**** DATA RECORDS ****

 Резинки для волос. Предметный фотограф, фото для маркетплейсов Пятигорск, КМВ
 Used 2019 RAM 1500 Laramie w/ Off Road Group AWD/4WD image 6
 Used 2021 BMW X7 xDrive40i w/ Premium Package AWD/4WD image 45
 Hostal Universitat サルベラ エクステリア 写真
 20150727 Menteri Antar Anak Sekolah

****
**** DATA RECORDS ****

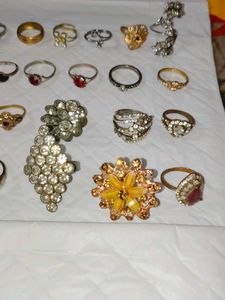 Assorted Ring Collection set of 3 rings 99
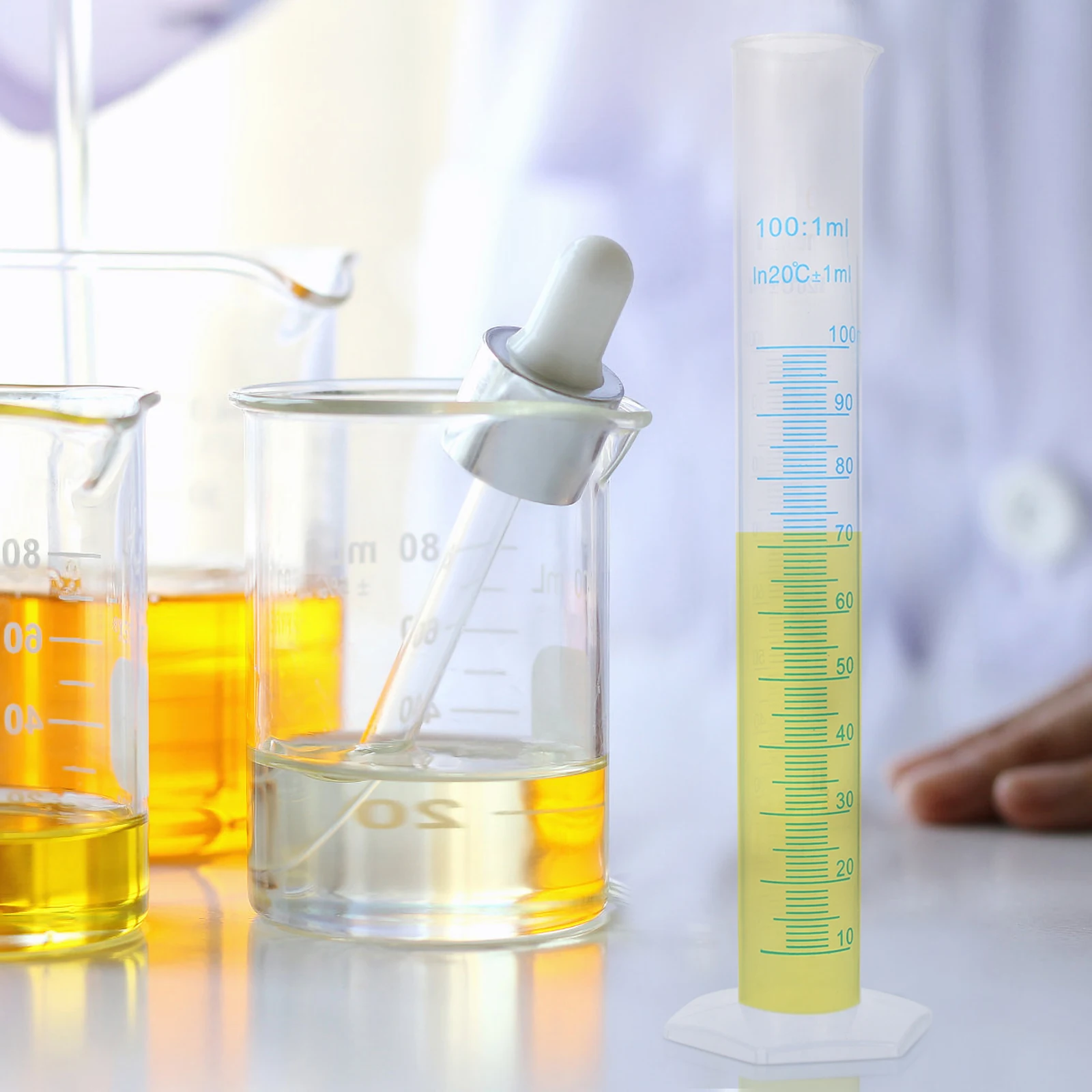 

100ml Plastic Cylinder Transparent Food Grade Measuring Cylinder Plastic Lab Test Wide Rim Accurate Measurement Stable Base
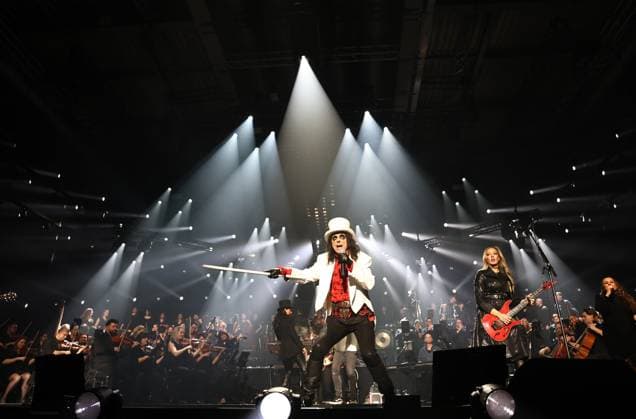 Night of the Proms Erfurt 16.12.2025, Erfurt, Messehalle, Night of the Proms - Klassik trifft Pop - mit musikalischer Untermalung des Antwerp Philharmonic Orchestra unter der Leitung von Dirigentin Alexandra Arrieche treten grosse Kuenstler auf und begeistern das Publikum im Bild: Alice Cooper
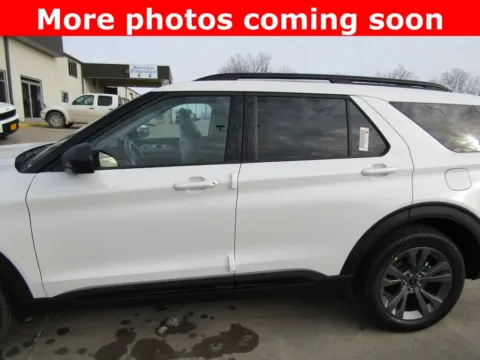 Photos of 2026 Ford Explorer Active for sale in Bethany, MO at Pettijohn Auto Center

****
**** DATA RECORDS ****

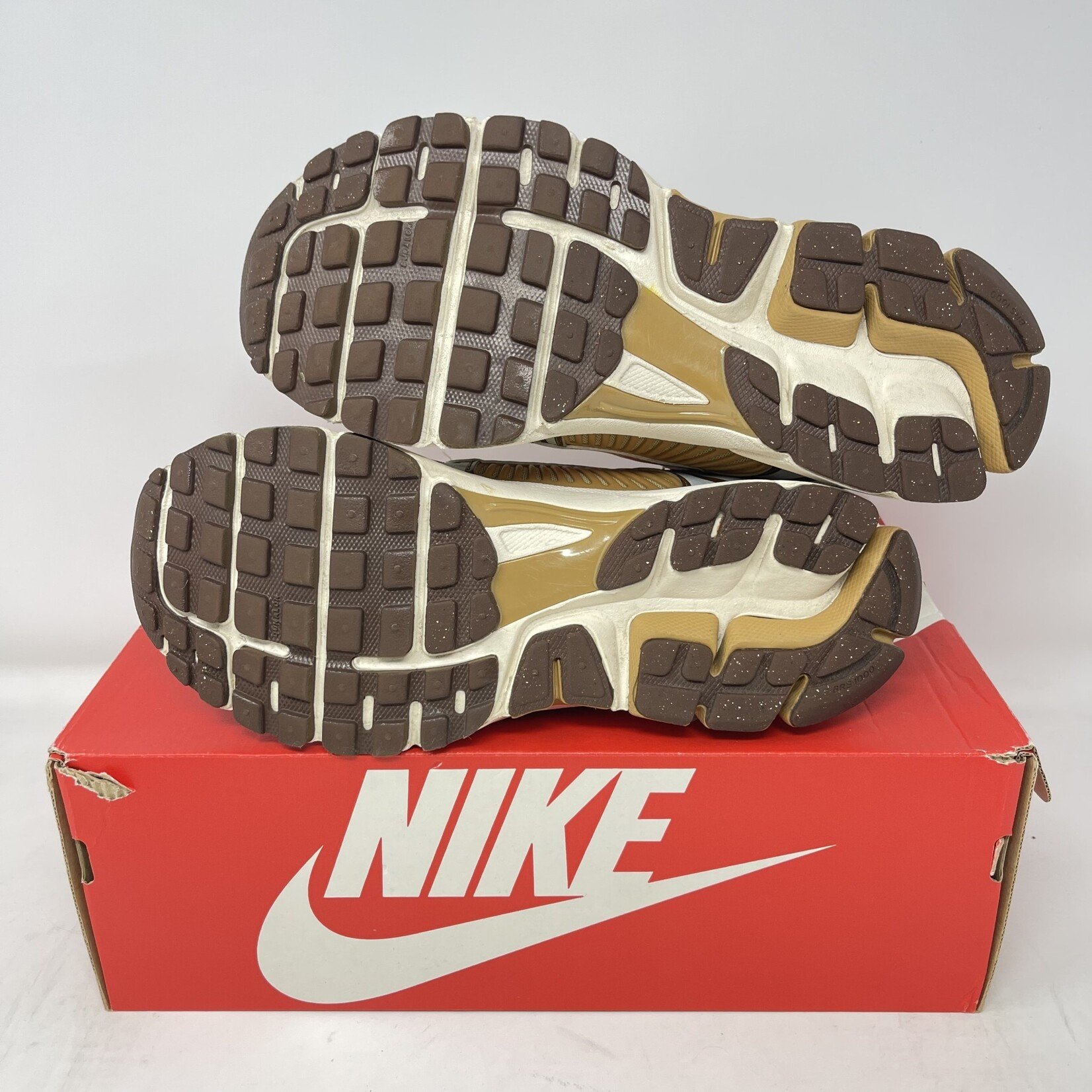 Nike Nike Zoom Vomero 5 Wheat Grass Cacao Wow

****

Pick out each line above that includes "image" and show it.

 Used 2019 RAM 1500 Laramie w/ Off Road Group AWD/4WD image 6
 Used 2021 BMW X7 xDrive40i w/ Premium Package AWD/4WD image 45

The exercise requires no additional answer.